Es, entonces, en el corazón donde se conserva el verdadero tesoro, no en las cajas fuertes de la tierra, no en las grandes inversiones financieras, hoy más que nunca enloquecidas e injustamente concentradas, idolatradas al precio sangriento de millones de vidas humanas y de la devastación de la creación de Dios.

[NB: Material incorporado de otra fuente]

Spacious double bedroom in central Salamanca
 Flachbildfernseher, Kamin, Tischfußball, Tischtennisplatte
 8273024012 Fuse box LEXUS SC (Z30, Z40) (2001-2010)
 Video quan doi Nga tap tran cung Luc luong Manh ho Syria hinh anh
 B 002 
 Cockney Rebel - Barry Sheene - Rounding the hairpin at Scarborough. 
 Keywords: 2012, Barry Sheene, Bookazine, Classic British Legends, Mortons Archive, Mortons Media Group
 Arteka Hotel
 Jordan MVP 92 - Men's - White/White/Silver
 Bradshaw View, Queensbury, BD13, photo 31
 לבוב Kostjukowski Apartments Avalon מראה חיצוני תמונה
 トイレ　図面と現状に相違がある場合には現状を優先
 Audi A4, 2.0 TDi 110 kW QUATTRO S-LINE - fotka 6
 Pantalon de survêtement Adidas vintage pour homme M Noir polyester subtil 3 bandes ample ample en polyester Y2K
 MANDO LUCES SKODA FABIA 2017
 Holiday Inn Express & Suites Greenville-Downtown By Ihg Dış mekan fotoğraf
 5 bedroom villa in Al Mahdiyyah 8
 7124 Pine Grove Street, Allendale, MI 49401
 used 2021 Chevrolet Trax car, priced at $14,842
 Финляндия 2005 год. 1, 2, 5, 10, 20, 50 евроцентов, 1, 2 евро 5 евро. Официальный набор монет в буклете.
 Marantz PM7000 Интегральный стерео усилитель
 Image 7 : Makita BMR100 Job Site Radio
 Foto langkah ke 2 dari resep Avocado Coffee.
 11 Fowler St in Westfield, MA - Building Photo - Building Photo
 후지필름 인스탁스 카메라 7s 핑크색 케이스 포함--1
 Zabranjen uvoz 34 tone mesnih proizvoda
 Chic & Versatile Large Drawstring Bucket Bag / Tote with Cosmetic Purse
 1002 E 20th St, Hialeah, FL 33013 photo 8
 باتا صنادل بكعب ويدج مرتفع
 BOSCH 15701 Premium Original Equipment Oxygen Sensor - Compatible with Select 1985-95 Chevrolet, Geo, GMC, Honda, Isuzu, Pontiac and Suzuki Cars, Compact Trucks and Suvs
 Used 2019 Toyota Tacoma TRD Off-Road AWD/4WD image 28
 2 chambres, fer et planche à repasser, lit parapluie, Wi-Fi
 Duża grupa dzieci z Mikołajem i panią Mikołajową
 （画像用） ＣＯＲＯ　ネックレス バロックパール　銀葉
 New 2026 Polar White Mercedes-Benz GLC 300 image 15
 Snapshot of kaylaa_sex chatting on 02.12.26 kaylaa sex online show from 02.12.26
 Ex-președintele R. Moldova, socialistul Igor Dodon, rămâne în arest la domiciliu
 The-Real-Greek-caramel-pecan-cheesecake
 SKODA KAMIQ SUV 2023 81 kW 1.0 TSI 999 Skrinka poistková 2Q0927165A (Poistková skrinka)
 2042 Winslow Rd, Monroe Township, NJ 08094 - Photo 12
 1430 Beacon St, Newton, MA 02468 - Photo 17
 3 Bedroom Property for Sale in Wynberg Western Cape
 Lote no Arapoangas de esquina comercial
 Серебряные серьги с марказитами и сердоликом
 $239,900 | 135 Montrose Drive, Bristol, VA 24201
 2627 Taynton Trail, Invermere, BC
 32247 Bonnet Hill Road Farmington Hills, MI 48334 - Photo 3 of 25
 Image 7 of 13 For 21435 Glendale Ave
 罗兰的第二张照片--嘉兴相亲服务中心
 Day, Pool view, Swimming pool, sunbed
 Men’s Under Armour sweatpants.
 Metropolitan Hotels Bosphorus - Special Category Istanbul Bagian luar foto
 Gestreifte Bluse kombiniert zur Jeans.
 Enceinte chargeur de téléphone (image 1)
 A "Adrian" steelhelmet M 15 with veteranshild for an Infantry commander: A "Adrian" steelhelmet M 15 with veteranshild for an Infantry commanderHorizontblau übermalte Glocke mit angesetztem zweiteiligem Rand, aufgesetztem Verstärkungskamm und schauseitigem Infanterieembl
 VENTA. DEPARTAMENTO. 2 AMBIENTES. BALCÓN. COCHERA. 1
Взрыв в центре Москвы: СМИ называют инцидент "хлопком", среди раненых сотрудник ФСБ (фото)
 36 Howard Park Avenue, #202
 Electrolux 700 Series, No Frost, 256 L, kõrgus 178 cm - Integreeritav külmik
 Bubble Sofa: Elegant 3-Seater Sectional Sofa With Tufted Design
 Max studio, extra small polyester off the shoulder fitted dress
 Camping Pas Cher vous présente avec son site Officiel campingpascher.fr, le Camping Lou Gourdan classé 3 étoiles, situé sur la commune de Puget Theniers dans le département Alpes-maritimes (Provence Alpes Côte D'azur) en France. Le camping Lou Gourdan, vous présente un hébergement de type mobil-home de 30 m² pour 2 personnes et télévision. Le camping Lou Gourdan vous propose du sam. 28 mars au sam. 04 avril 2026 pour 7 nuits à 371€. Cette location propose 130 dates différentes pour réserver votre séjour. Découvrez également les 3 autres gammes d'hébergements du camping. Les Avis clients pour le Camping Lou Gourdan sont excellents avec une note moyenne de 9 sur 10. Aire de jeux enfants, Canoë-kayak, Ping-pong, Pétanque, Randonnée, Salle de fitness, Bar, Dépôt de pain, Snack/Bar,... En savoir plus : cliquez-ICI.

Es importante reflexionar sobre estos aspectos, porque en los numerosos compromisos que afrontamos continuamente, aflora cada vez más el riesgo de la dispersión, a veces de la desesperación, de la falta de sentido, incluso en personas aparentemente exitosas. En cambio, leer la vida bajo el signo de la Pascua, mirarla con Jesús Resucitado, significa encontrar el acceso a la esencia de la persona humana, a nuestro corazón: cor inquietum. Con este adjetivo «inquieto», san Agustín nos hace comprender el impulso del ser humano que tiende a su plena realización. La frase completa remite al comienzo de las Confesiones, donde Agustín escribe: «Señor, tú nos hiciste para ti y nuestro corazón está inquieto hasta que descanse en ti» (I, 1,1).
La inquietud es la señal de que nuestro corazón no se mueve al azar, de forma desordenada, sin un fin o una meta, sino que está orientado hacia su destino último, el de «volver a casa». Y el auténtico destino del corazón no consiste en la posesión de los bienes de este mundo, sino en alcanzar lo que puede colmarlo plenamente, es decir, el amor de Dios, o, mejor dicho, Dios Amor. Sin embargo, este tesoro solo se encuentra amando al prójimo que se encuentra en el camino: hermanos y hermanas de carne y hueso, cuya presencia interpela e interroga a nuestro corazón, llamándolo a abrirse y a donarse. El prójimo te pide ralentizar, mirarlo a los ojos, a veces cambiar de planes, tal vez incluso cambiar de dirección.
Queridísimos, he aquí el secreto del movimiento del corazón humano: volver a la fuente de su ser, disfrutar del gozo que no termina, que no decepciona. Nadie puede vivir sin un sentido que vaya más allá de lo contingente, más allá de lo que pasa. El corazón humano no puede vivir sin esperar, sin saber que está hecho para la plenitud, no para el vacío.
Jesucristo, con su Encarnación, Pasión, Muerte y Resurrección, ha dado un fundamento sólido a esta esperanza. El corazón inquieto no se sentirá defraudado si entra en el dinamismo del amor para el que ha sido creado. El destino es seguro, la vida venció y en Cristo seguirá venciendo en cada muerte de lo cotidiano. Esta es la esperanza cristiana: ¡bendigamos y demos gracias siempre al Señor que nos la ha dado!